When it comes to driving, plenty of people find that the cost of insurance in the United States can be a little unfair. Many insurers strive to provide fairer prices without sacrificing on the quality of their coverage policies. There are ways for people that meet certain types of criteria to take advantage of lower vehicular expenses. If you are one of the employers or employees asking ‘can car insurance be tax deductible,’ we’re sure that you’ll be surprised by the answer.
Can Car Insurance Be Tax Deductible?
Typically the answer is yes, but only if you meet specific terms and conditions. For instance, if you use your vehicle for leisure activities, or to get from one place to another. Your car will be considered a personal asset – so it isn’t subjected to the same as a business asset would be. If you use the vehicle exclusively for professional purposes; however, the entire costs associated with its running can be considered tax deductible.
How Does This Work?
Perhaps you own a company car, or maybe you have two cars, and one is used for a mobile hairdressing business exclusively. The former vehicle is your personal property, but the other is utilized for business purposes. As a result, the gas, and maintenance, and insurance premiums will all be considered deductible when it comes to paying tax.
Businesses take advantage of this benefit. If you meet the above criteria, the entire operation of the vehicle could be considered an expense, and you won’t be obligated to pay any of the servicing fees whatsoever. Of course, the day to day running might require you to cover the cost in full or to pay for cleaning. When it comes to reclaiming these costs, you can list them all as business expenses. From here, the total amount can be deducted from any tax that you owe.

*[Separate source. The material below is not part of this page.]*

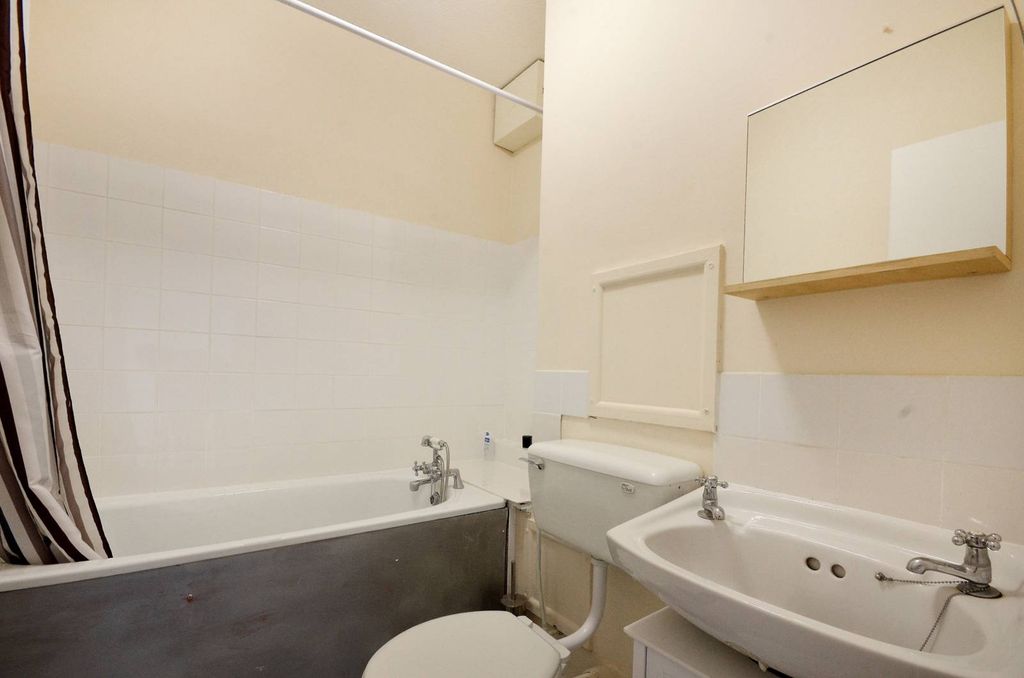 Property photo 3 of 4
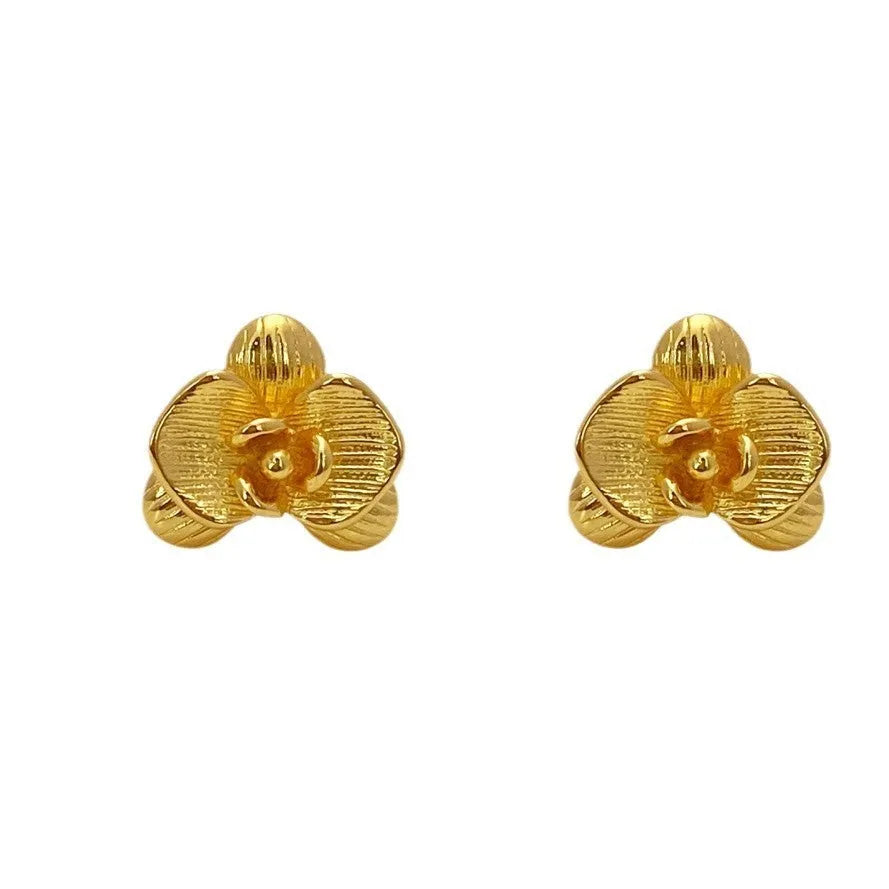 Retro flower earrings for women in gold or silver electroplated finish with petal design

Are There Any Restrictions?
Yes – one, in particular, may affect employees of a business that relies on company cars if your employer pays for the cost of the vehicle or reimburses you for any expenses that the vehicle’s use incurs.
Don’t expect to reclaim these sums of money and attempting to do so is considered unlawful.
In general, this tax relief is intended for those that use their car for business and business alone. Trips to the local store won’t be covered, nor will leisure drives. Any use that relates to the car being used for professional purposes can be tax deductible. You will need to keep your receipts; however, just in case the IRS wants further information on the expenses that you have claimed. They may want to find out if the vehicle is genuinely being used for business purposes, or leisure and day to day life instead.